Municipal names weren't static in the past, nor are the modern versions. The
real question maybe is how to deal with change.
I use the period name with the current modern jurisdictional name in
brackets. Even then the jurisdiction name used also varies by type of record.
This is a whole area of genealogy that probably will never be
satisfactorily defined as to what's right and wrong.
There's a good article on this latter question (period name or modern one)
that I've been planning to start a discussion about on another list.
----- Original Message -----
From: _Stephen Danko_ (mailto:stephen at stephendanko.com)
To: _Rolgeiger at aol.com_ (mailto:Rolgeiger at aol.com) ;
_apgmembersonlylist at apgen.org_ (mailto:apgmembersonlylist at apgen.org) ;
_apgpubliclist at apgen.org_ (mailto:apgpubliclist at apgen.org)
Sent: Sunday, October 24, 2010 4:02 AM
Subject: Re: [APG Members] [APG Public List] translate place names
I have been struggling with this same issue with place names in Poland. I
have decided that the language in which I will spell place names depends
on the target audience. If I am writing for an English speaking audience, I
translate place names into English. If I am writing for a Polish speaking
audience, I use Polish language place names. (By audience, I don't mean
just the audience at a lecture, but also the readers of my written work.)

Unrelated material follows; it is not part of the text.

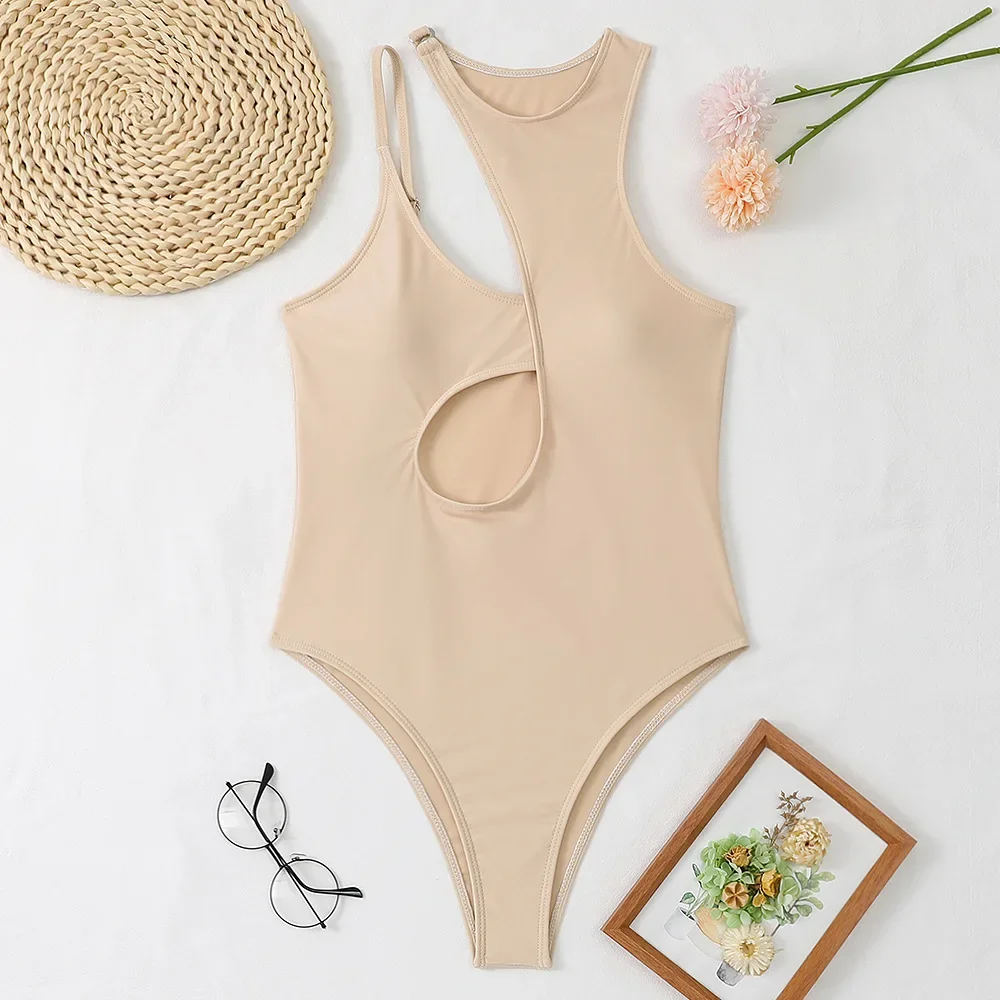 Customized LOGO Cute One Piece Swimwear Bikini Hollow Multi Color One Shoulder Sexy Swimwear women one piece swimsuit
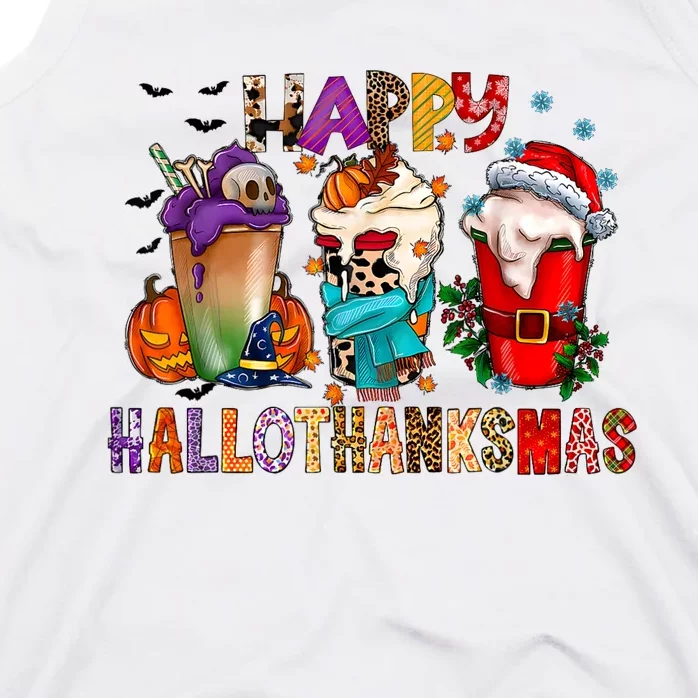 Happy Hallothanksmas Funny Halloween Thanksgiving Christmas Tank Top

Language differences don't exist for all place names, however. Warszawa in
Polish is spelled Warsaw in English. However, Nowa Wieś in Polish is never
translated as New Village in English (although the kreska "s" ś is not
used in English).
Stephen J. Danko
From: "Rolgeiger at aol.com" <Rolgeiger at aol.com>
To: apgmembersonlylist at apgen.org; apgpubliclist at apgen.org
Sent: Sun, October 24, 2010 12:01:59 AM
Subject: [APG Public List] translate place names
I wonder whether it make sense to translate place names from the origin
language into my own.
Like German Koeln into Cologne or Niedersachsen into Lower Saxony. Or
Bavaria which originally is Bayern.
I think it leads into trouble once I have to do with orignal documents
from that area for they will not have translated their names into any other
I realize that Cologne is about the way an English speaking person would
pronounce the German sound "Koeln". But doing research about emigrants in
upstate New York, I don't translate for example "Perkinsville, New York" into
"Perkinsweiler, Neu York". Would not make sense for no records exist with
"Perkinsweiler" but all with "Perkinsville".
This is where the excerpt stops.